23  Latent Variable Models

uncovering the social bases of urban differentiation. Factor analysis in urban studies comes from a long tradition grounded in sociology and geography. In this context, it is used as a method to study the underlying social structure it is not viewed as a technique for feature engineering in this work. Rather, it is an attempt to understand whether social systems differ in similar ways across different spatial contexts (e.g. comparing factorial ecologies), or testing whether a theoretical social construct is associated with an array of outcomes (ecometrics & structural equation modeling)

Following the introduction of BCZ, empirical models of spatial structure went largely undeveloped for a significant period.
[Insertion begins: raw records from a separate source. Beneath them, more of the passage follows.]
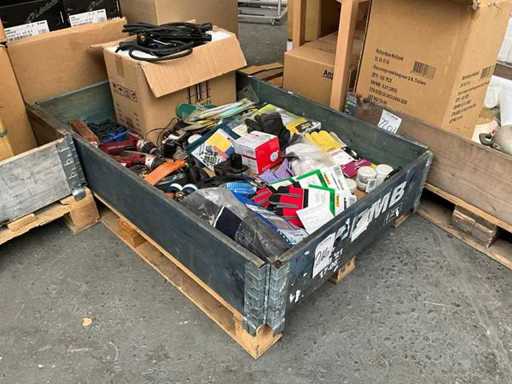 Towary z powrotem palet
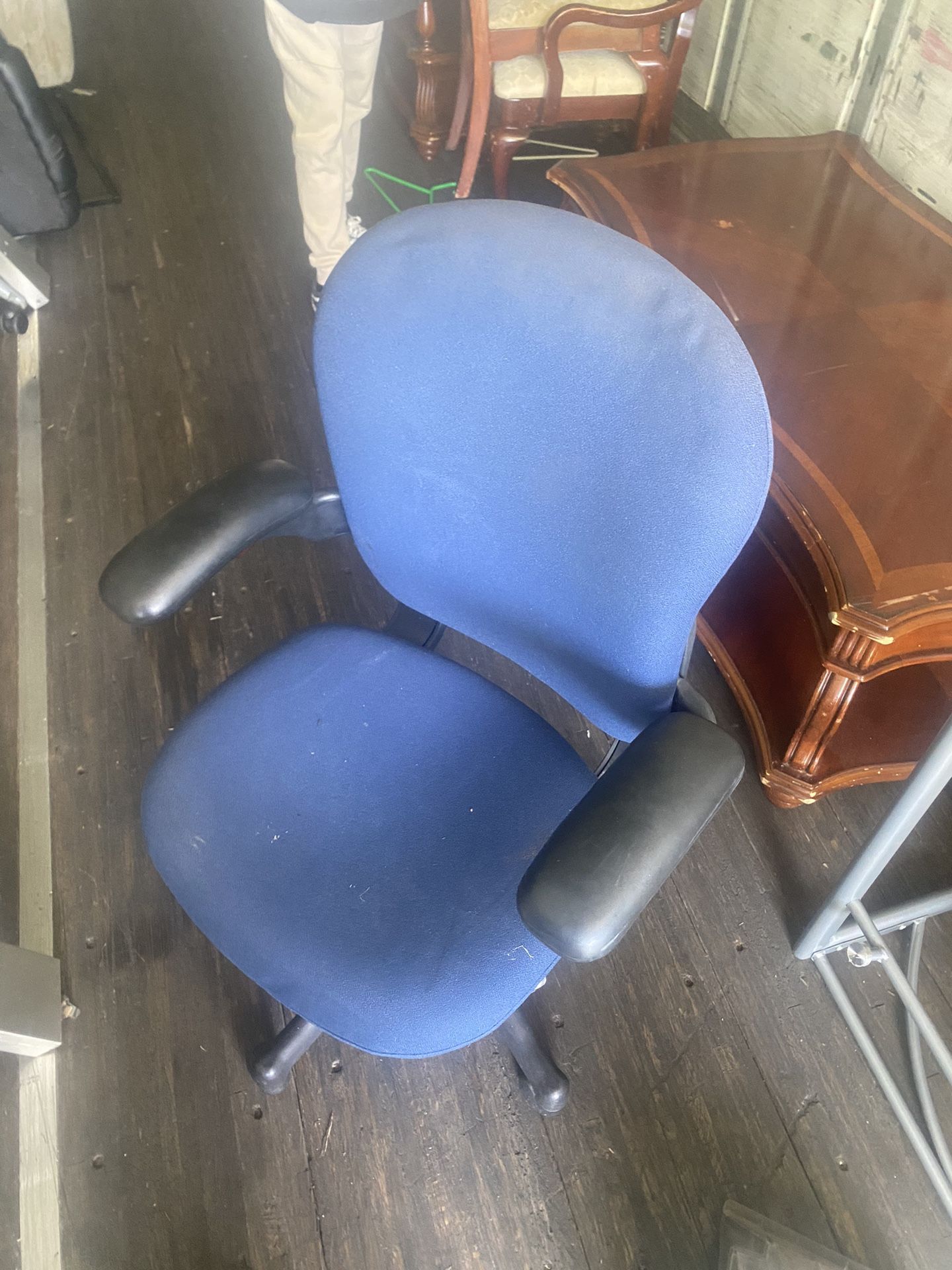 Rolling Chair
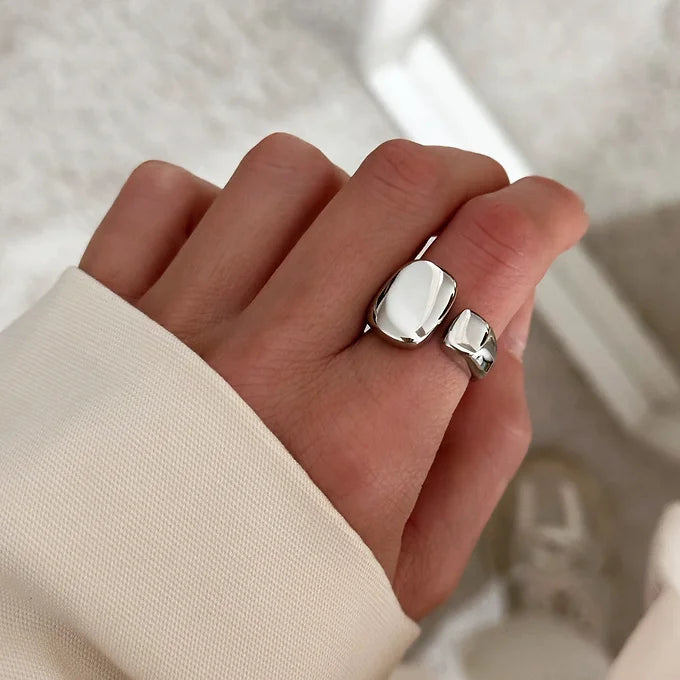 Aura Ring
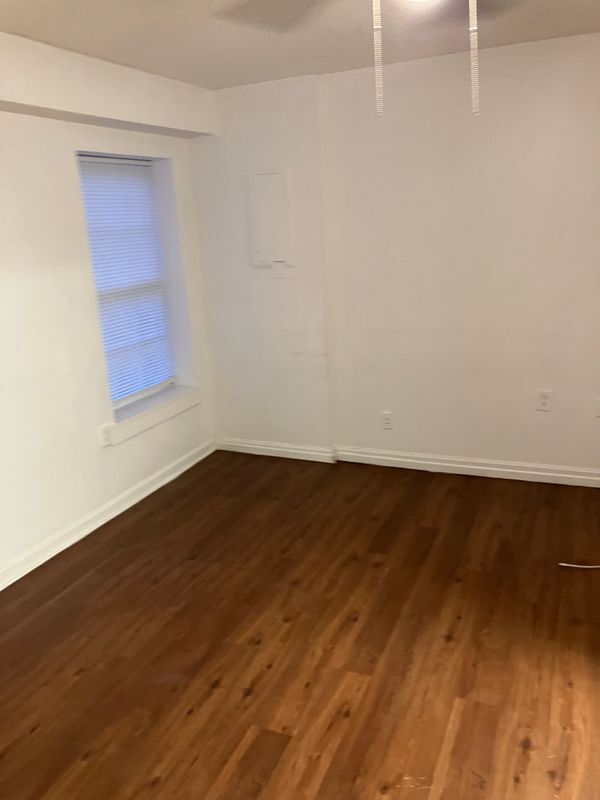 Foto del edificio - 1601 Bedell Ave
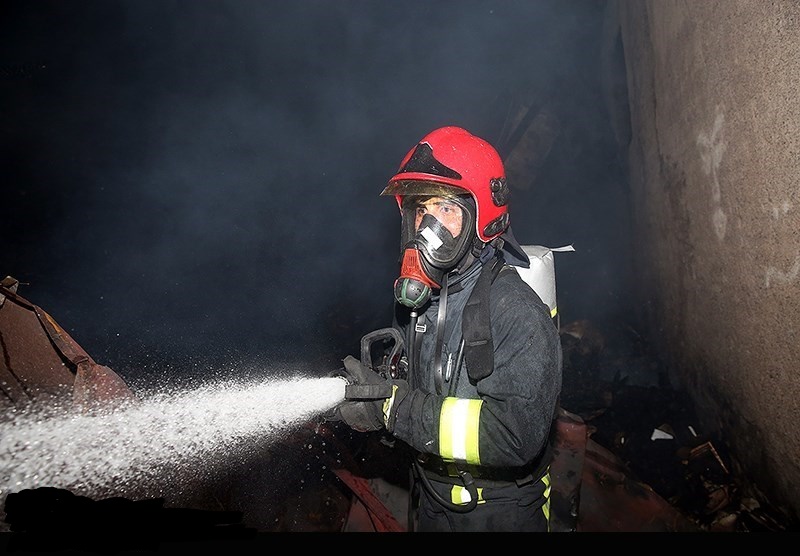 مهار آتش سوزی فروشگاه البسه در میدان ۱۷شهریور مشهد مهار آتش سوزی فروشگاه البسه در میدان ۱۷شهریور مشهد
In the 1950s, however, social shifts yet again brought emphasis on the significance of place. During the postwar period of suburbanization, white flight, and social unrest, there was a significant push to understand the nature of “community;” the Chicago School focused strongly on how urban spatial segmentation leads to social behaviors like territorialism and consciously created “ideological communities” (Hawley, 1950; Hunter, 1975; Suttles, 1972).

To understand how these communities were created, scholars turned to newly developed statistical methods to identify the essential elements of “urbanism” that structure modern life and the field of social area analysis was born. This turn is often viewed as the beginning of an age of urban empiricism, but it is important to emphasize that a critical component of Chicago School analysis is empirical work that is grounded firmly in social theory (Sampson2002?). As researchers adopted new statistical techniques, therefore, they attempted to operationalize “the complicated phenomena of urbanism,” described by (Wirth1938?) as “a system of social organization involving a characteristic social structure, a series of social institutions, and a typical pattern of social relations”.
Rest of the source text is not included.